> [To do]:
Retype the whole listing below precisely.

= = = = =

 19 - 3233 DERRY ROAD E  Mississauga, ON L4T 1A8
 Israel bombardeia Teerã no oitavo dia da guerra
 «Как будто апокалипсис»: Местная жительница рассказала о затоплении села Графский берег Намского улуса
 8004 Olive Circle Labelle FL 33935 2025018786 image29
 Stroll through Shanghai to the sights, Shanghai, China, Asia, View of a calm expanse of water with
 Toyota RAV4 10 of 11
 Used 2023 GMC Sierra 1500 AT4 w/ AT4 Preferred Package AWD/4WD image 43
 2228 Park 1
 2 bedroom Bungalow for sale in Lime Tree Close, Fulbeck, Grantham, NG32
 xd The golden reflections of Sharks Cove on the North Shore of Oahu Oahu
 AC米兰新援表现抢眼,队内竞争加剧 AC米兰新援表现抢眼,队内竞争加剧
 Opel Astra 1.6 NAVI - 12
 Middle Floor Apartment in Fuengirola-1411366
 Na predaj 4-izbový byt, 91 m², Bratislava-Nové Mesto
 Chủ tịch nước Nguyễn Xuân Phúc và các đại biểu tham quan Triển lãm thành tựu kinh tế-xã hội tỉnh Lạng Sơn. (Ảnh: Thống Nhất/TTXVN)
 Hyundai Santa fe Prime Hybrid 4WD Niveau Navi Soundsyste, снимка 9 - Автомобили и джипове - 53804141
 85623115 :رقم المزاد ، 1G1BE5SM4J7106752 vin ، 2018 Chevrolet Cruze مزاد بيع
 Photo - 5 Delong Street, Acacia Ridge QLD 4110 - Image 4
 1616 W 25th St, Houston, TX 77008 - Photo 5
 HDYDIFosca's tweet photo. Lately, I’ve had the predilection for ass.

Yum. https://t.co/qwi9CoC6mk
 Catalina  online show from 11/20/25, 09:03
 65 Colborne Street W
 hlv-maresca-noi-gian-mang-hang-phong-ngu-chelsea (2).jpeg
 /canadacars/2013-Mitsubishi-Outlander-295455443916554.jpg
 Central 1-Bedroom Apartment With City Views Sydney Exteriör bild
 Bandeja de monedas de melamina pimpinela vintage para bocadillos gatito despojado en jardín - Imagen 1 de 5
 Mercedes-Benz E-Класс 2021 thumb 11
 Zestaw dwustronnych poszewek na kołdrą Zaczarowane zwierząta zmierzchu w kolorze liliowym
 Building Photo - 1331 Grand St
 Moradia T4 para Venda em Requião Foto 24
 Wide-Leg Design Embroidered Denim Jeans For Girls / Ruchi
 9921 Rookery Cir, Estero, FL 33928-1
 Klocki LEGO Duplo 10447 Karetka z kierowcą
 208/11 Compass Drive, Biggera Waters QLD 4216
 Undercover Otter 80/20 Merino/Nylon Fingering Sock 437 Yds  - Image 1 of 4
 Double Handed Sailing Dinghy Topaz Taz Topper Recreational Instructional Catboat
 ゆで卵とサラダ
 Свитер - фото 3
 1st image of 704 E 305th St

= = = = =

> [Task result]:
 19 - 3233 DERRY ROAD E  Mississauga, ON L4T 1A8
 Israel bombardeia Teerã no oitavo dia da guerra
 «Как будто апокалипсис»: Местная жительница рассказала о затоплении села Графский берег Намского улуса
 8004 Olive Circle Labelle FL 33935 2025018786 image29
 Stroll through Shanghai to the sights, Shanghai, China, Asia, View of a calm expanse of water with
 Toyota RAV4 10 of 11
 Used 2023 GMC Sierra 1500 AT4 w/ AT4 Preferred Package AWD/4WD image 43
 2228 Park 1
 2 bedroom Bungalow for sale in Lime Tree Close, Fulbeck, Grantham, NG32
 xd The golden reflections of Sharks Cove on the North Shore of Oahu Oahu
 AC米兰新援表现抢眼,队内竞争加剧 AC米兰新援表现抢眼,队内竞争加剧
 Opel Astra 1.6 NAVI - 12
 Middle Floor Apartment in Fuengirola-1411366
 Na predaj 4-izbový byt, 91 m², Bratislava-Nové Mesto
 Chủ tịch nước Nguyễn Xuân Phúc và các đại biểu tham quan Triển lãm thành tựu kinh tế-xã hội tỉnh Lạng Sơn. (Ảnh: Thống Nhất/TTXVN)
 Hyundai Santa fe Prime Hybrid 4WD Niveau Navi Soundsyste, снимка 9 - Автомобили и джипове - 53804141
 85623115 :رقم المزاد ، 1G1BE5SM4J7106752 vin ، 2018 Chevrolet Cruze مزاد بيع
 Photo - 5 Delong Street, Acacia Ridge QLD 4110 - Image 4
 1616 W 25th St, Houston, TX 77008 - Photo 5
 HDYDIFosca's tweet photo. Lately, I’ve had the predilection for ass.

Yum. https://t.co/qwi9CoC6mk
 Catalina  online show from 11/20/25, 09:03
 65 Colborne Street W
 hlv-maresca-noi-gian-mang-hang-phong-ngu-chelsea (2).jpeg
 /canadacars/2013-Mitsubishi-Outlander-295455443916554.jpg
 Central 1-Bedroom Apartment With City Views Sydney Exteriör bild
 Bandeja de monedas de melamina pimpinela vintage para bocadillos gatito despojado en jardín - Imagen 1 de 5
 Mercedes-Benz E-Класс 2021 thumb 11
 Zestaw dwustronnych poszewek na kołdrą Zaczarowane zwierząta zmierzchu w kolorze liliowym
 Building Photo - 1331 Grand St
 Moradia T4 para Venda em Requião Foto 24
 Wide-Leg Design Embroidered Denim Jeans For Girls / Ruchi
 9921 Rookery Cir, Estero, FL 33928-1
 Klocki LEGO Duplo 10447 Karetka z kierowcą
 208/11 Compass Drive, Biggera Waters QLD 4216
 Undercover Otter 80/20 Merino/Nylon Fingering Sock 437 Yds  - Image 1 of 4
 Double Handed Sailing Dinghy Topaz Taz Topper Recreational Instructional Catboat
 ゆで卵とサラダ
 Свитер - фото 3
 1st image of 704 E 305th St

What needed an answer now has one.